The expense of video games has always had a tenuous relationship with what the consumer is purchasing. Sixty dollars is no small amount of money and it’s not unreasonable for a gamer to expect quite a bit of bang for their buck. A game needs to have a great solo experience, fun multi-player, generate a lot of playtime, and appeal to a wide audience to garner much critical acclaim these days. Hell, it had better jump through hoops and entertain the whole family for that kind of cost. Yet some games are definitely worth that kind of money. The sixty dollars you pay for Call of Duty 4 is going to be repaid tenfold when you go online and get absorbed into the matches. Like buying a set of golf clubs or a croquet set, you know this is a game you can play over and over again. There’s long term value in that, there’s a sense of getting your money’s worth. But for a game that’s purely single-player, that’s trying to give a tight plot and precise experience, it’s much more difficult to justify the cost. Sixty bucks for a game I’ll play once or twice is asking a lot. In a consumer culture where I can rent a series for a monthly fee or buy a long book for a few dollars, it can be hard to justify the sixty dollars for a plot-heavy Third-Person game. How do we make video games that are just about the stories work for the consumer?


 


The biggest solution going on right now is downloadable content and episodic game formats. TellTale’s Sam & Max games are doing well financially and have even been breaking into the green on metacritic. At ten bucks to download and averaging about 3 to 5 hours of gameplay, that seems like a fair deal. It’s just the right length for a lazy afternoon or spread out over several days without putting my wallet into a world of hurt. It makes the story flow a lot better as well; a game that runs ten hours suffers because the narrative ends up lagging somewhere. Your favorite book or movie still adheres to a basic formula of introduction, rising action, climax, denouement, and resolution. But when a video game tries to apply that formula, it usually stalls somewhere because it has to drag one of those elements out. You’ll spend five hours on the rising action, only to blister by the climax and have the resolution be a two minute pop song. Episodic content isn’t just a good value for a game, it’s better suited to keeping the narrative flowing properly. Portable games have also been adopting this style, with the average level or episode taking about 15 minutes to an hour to beat. This helps people who play in quick bursts on the subway, but you can also see how, inadvertently, portable games tend to have better story pacing.


 


But how can we use this design to maximize the income of a Third-Person game? Sam & Max uses a lot of great concepts like the season pass or the full season purchase, but I can’t help but wonder if the economic model is at its full potential yet. If episodic games are going to be as appealing as T.V., you’d need to distribute the games episodically for free for a limited amount of time (to get people hooked) and then recoup on advertising and season passes.

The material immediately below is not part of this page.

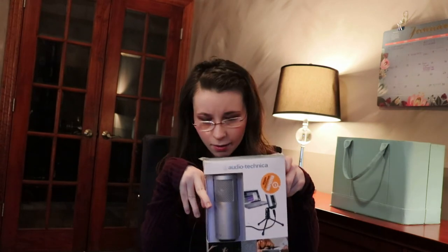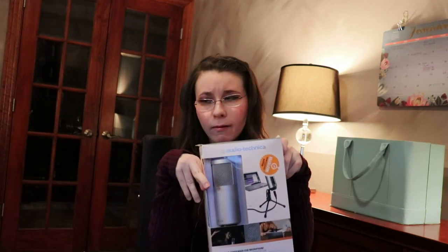I have some exciting news — I'm starting a podcast in the new year! There are a few things we need to figure out first, but for Christmas my parents got me a lot of things for my podcast, including an Audio-Technica microphone.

As flash players become more powerful, the lucrative options of this model will soon be a reality. Little downloading, minimal hardware demands, and the necessity to stand out amongst the competition should all help drive narrative games into new and creative territory. Consumers have consistently shown their willingness to play a free game in exchange for seeing an advertisement, but people are just now beginning to offer more complex games in this model. Why not play a commercial during the load time between games? Or do as Rainbow Six Vegas did and fill the world with in-game billboards and ads. With companies producing prototypes like this for Flash 10, it’s only a matter of time before this is feasible. Graphically complex episodic games could find a home in a few years when my web browser can produce graphics as cutting edge as consoles today. But is there a chance for more? If including multi-player can expand the value of a product, what other options could be given to the player?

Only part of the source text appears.